Display units, ad-wrapped trains and more: Suresh Prabhu’s mega plans to boost revenue of Indian Railways
The Indian Railways is targeting to increase its non-fare revenues (NFR) to Rs 1,500 crore by the end of this fiscal from current Rs 300 crore per year.
According to a report in The Economic Times, the newly constituted NFR directorate in the Ministry of Railways is working closely with private consultants like KPMG and Ernst & Young (EY) to monetise its assets.
EY was appointed as a consultant to discover the advertising potential in trains and railway stations. The American multinational was asked to identify assets and formulate a pricing strategy for advertising across 7,000 railways stations in the country.
The firm has already started its exercise in this regard. And this is also the first time in the country that a large-scale project to identify and leverage pan-India advertising opportunities has been initiated.
The most ambitious among all NFR projects is the proposed Rail Display Network (RDN).
KPMG had in June submitted its report on RDN stating that Indian Railways can earn up to Rs 1,000 crore after the first year itself.

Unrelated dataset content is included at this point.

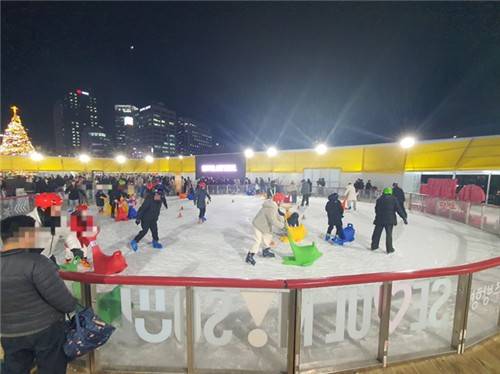 서울광장 스케이트장의 아이용 스케이트장 크리스마스이브인 24일 오후 6시21분께 서울 중구 서울광장 스케이트장 한편에 마련된 아이용 스케이트장에서 시민들이 스케이트를 타는 모습. [촬영 김성훈 수습기자]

However, the national transporter said that it aims to generate Rs 3,500 crore annually by end of the sixth year of its launch.
Under this project, the Indian Railways will install 200,000 big digital multipurpose screens at 2,175 railway stations across the country.
The display units will show rail-related information on half the screen and advertisements on the other half.
Ranjan Thakur, executive director for NFR, told ET that the idea is to use eye-ball capture of the specific information seeker or waiting passenger to earn revenue from 50 per cent surface area.
“It will not only increase passenger satisfaction with timely information, it will be a significant source of revenue for railways. It will take OOH (Out-of-Home) advertising to a new level,” Thakur said.
The move comes after Railway Minister Suresh Prabhu had in the Union Rail Budget proposed to raise non-fare earnings.
Railways had earlier this month awarded letters of invitation to four media groups -- MIC Electronics, Zee Media Corporation, Prabhatam Advertising Ltd and Direct News Pvt Ltd -- to conduct proof of concept at four selected stations -- Gwalior, Jaipur, Old Delhi and Gorakhpur. They have been given the deadline of October-end to have the project up and running.
Other measures to generate NFR include launching of ad-wrapped trains. It is seen as one of another major source of revenue. The Indian Railways has finalised that New Delhi-Mumbai Rajdhani Express and August Kranti Rajdhani will be the first to begin with. Other Mumbai-based trains would be next, followed by Chennai and Bengaluru-bound trains.
“Vinyl wrapping will also save the cost of painting of coaches and easy to maintain. The added advantage is it will catch eyeballs and industry will get a captive audience. We are trying to use all available railways resources to increase revenues. The idea is that railways income should not be solely dependent on freight and passenger fare,” a senior railway officer said.
Other initiatives like launching rail radio through private participation, website and app monetisation, and product displays are in the pipeline that are aimed at generating the non-fare revenues of the Indian Railways.
Indian Railways runs 13000 trains per day on 63,000 kilometer of track and carries 23 million passengers, equivalent to population of Australia.